To specifically examine the relationship between chemokine dose and intracellular signaling in B cell lacking Rgs1 we stimulated B cells purified from wild type and Rgs1−/− mice with increasing concentrations of CXCL12 or CXCL13 and plotted the log of the concentration versus the peak in [Ca2+]i. For both chemokines we found that at each concentration the peak response of the Rgs1−/− B cells exceeded that of wild type mice and the difference became more evident at higher concentrations. Similar results were observed with a human B cell line, where RGS1 and RGS13 expression were reduced, and with an immature human mast cell line, where RGS13 expression was reduced.20;21

B cells from Gnai3 deficient mice had enhanced responses to chemokines

B and T lymphocyte chemotaxis, lymph nodes homing, lymph node egress, thymus egress, and positioning within lymph node organs are all sensitive to pertussis toxin treatment, which ADP ribosylates the Gαi subunits Gαi1, Gαi2, Gαi3, and Goα but not Gzα. Mature B and T lymphocytes predominantly express Gαi2 and Gαi3, but not Gαi1. Lymphocytes lacking Gαi2 exhibit defects in all of the above with the exception of lymph node and thymus egress although sphingosine 1-phosphate (S1P) mediated lymphocyte chemotaxis is markedly reduced in the absence of Gαi2.8,9,22. Some residual chemotaxis has been noted with the Gnai2−/− lymphocytes, however, it is insensitive to pertussis toxin treatment.8,9 Together these data argue that Gαi3 cannot mediate lymphocyte CXCR4, CXCR5, or CCR7 triggered chemotaxis. The inability of Gαi3 to substitute for Gαi2 in lymphocyte chemotaxis despite the elevated Gαi3 expression is somewhat surprising. To directly examine the role of Gαi3 in B lymphocytes we performed chemotaxis assays and examined chemokine induced changes in [Ca2+]i using B cells prepared from Gnai3−/− mice. The percentage of chemokine-responsive cells from the Gnai3−/− mice equaled or exceeded the number from controls (Figure 4). In addition the increase in [Ca2+]i elicited by the CXCL12, CXCL13, and CCL19 exceeded the levels achieved with wild type control B cells (Figure 4). These results indicate that in contrast to Gαi2, Gαi3 is not needed for B lymphocytes to respond to chemokines, and that in its absence, Gαi2 may more efficiently couple to chemoattractant receptors.

Figure 4
Comparison of chemokine responses of B cells prepared from wild type and Gnai3−/− mice.

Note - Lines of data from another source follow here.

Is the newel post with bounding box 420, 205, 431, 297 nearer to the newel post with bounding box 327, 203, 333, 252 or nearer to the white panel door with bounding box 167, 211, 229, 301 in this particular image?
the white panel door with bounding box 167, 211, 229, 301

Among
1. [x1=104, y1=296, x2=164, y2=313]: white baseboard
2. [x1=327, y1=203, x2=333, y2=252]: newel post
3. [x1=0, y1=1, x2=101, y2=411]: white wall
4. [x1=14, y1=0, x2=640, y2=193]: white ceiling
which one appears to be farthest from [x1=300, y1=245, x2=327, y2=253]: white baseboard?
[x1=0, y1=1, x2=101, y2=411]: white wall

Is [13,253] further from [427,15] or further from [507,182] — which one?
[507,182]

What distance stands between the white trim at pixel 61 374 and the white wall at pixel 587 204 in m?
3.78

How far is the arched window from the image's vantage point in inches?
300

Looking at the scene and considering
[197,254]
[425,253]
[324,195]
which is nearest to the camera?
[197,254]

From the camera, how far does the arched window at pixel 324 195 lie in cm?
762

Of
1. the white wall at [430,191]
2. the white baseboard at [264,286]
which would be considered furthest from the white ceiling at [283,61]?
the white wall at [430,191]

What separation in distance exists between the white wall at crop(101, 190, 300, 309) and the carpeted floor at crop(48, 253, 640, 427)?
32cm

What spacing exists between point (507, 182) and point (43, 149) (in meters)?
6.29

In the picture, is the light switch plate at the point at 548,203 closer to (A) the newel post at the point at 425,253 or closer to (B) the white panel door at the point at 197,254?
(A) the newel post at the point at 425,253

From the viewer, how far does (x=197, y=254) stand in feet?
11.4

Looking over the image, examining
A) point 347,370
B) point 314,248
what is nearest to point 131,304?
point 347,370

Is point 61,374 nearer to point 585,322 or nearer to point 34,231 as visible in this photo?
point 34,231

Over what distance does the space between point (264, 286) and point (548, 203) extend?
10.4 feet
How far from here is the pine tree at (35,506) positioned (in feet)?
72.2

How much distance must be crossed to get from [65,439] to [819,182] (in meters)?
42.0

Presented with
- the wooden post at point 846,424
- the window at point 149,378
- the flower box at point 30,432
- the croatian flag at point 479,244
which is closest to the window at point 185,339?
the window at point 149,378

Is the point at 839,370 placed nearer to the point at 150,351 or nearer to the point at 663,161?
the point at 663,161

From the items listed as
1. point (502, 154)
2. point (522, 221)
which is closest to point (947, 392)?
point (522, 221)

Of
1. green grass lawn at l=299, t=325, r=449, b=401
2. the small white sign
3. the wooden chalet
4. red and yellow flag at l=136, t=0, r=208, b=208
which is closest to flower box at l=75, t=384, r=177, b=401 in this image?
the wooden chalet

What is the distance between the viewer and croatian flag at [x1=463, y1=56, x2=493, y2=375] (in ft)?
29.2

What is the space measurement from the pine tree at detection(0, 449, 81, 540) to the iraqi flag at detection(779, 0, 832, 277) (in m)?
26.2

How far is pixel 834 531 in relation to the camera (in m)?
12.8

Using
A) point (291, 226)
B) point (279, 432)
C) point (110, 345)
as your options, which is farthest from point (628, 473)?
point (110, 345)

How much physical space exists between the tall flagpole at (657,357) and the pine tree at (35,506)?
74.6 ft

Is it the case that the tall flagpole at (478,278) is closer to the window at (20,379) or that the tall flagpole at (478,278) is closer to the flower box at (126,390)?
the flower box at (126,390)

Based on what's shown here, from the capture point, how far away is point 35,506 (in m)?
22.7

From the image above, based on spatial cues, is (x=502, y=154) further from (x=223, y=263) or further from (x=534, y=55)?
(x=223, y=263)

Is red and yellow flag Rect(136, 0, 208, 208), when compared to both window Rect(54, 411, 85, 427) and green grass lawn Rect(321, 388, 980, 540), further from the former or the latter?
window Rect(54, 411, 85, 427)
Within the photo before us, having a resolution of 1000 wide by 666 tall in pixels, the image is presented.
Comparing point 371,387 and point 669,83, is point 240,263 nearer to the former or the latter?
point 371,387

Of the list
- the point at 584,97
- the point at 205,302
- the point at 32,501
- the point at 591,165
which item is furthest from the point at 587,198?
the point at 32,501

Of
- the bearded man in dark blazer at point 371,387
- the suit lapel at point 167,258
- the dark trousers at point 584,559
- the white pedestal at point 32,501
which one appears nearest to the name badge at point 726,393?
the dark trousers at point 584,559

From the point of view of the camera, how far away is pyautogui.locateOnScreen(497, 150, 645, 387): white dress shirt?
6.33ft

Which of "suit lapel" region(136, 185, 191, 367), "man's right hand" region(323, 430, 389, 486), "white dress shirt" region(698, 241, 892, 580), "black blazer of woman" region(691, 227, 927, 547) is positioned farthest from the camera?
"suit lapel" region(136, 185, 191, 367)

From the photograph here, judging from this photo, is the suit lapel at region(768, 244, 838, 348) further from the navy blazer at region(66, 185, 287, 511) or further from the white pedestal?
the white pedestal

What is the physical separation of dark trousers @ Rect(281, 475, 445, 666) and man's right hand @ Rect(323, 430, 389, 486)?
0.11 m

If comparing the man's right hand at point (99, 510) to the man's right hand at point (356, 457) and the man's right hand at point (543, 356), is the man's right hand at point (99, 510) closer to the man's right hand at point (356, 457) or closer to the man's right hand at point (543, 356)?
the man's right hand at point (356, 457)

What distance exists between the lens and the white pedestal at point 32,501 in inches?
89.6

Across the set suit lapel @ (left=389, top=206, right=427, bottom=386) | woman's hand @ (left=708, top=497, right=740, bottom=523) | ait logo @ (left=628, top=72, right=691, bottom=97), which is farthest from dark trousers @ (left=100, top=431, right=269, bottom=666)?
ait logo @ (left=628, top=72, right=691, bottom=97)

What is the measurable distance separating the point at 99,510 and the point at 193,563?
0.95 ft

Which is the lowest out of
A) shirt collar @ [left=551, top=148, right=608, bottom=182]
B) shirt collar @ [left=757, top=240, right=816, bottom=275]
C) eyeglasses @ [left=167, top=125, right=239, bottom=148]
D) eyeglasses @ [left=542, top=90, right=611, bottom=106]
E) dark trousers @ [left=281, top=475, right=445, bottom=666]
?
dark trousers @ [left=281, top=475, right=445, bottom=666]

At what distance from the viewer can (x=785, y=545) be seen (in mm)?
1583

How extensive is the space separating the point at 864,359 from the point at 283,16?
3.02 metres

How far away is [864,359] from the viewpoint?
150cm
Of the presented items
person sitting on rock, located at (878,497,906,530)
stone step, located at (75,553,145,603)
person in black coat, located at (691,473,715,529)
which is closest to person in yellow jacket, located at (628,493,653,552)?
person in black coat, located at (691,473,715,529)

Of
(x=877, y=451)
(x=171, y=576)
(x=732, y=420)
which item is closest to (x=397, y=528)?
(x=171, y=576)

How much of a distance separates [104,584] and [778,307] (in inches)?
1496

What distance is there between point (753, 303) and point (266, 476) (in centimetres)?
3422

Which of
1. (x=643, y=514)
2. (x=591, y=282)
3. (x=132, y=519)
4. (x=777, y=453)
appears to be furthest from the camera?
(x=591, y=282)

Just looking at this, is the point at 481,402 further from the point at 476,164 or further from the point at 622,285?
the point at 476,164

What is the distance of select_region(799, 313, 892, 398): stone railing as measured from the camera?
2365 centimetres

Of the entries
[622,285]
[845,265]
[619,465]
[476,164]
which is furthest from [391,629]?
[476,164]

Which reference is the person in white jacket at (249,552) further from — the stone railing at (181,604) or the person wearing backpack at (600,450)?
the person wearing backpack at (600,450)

A. Chemotaxis assays. B cells purified from wild-type (littermate controls) and Gnai3−/− mice were subjected to a 2 h chemotaxis in ...

Loss of single allele of Ccr7 minimally affected CCR7 triggered chemotaxis of B cells

Since we had observed changes in chemokine responsiveness in B cells lacking one allele of Rgs1 or one allele of Gnai2 we examined the consequences of the loss of one allele of Ccr7 on B cell responsiveness to the chemoattractant Ccl19. Varying Ccr7 expression, hence Ccr7 mediated signaling, is known to help B cells position themselves properly in the B cell follicle.23 We isolated B cells from wild type, Ccr7+/−, and Ccr7−/− littermates derived from a heterozygote cross and tested for their ability to respond in a standard chemotaxis assay. Surprisingly we found that the lack of one allele of Ccr7, which caused a greater than 50% reduction in CCR7 expression as assessed by flow cytometry, had only a modest impact of B cell chemotaxis to the Ccl19. B cells from Ccr7+/− mice responded to low concentrations of CCL19 as well as did the wild type control mice although they showed a modest decrease (20%) at higher concentrations of CCL19 (Figure 5). As expected B cells from Ccr7−/− mice failed to respond to CCL19, but they responded well to CXCL12 even surpassing the wild type B cell responses particularly with lower concentrations of chemokine. In addition, the Ccr7−/− B cells responded better to CXCL13 than did the wild type B cells (data not shown). Thus, the lack of one allele of Rgs1 or Gnai2 affected Ccl19 triggered chemotaxis more than did the loss of a single allele of Ccr7. This argues that small changes in chemokine receptor expression may not be translated into significant changes in chemokine responsiveness while similar magnitude changes in Gnai2 and Rgs1 expression can impact chemokine responsiveness.

Figure 5
Comparison of Ccl19 triggered chemotaxis of B cells from wild type, Ccr7+/−, and Ccr7−/− mice. (a) CCR7 expression on wild type and mutant mice. Flow cytometry with an isotype control and CCR7 antibody. Spleens B cells were purified ...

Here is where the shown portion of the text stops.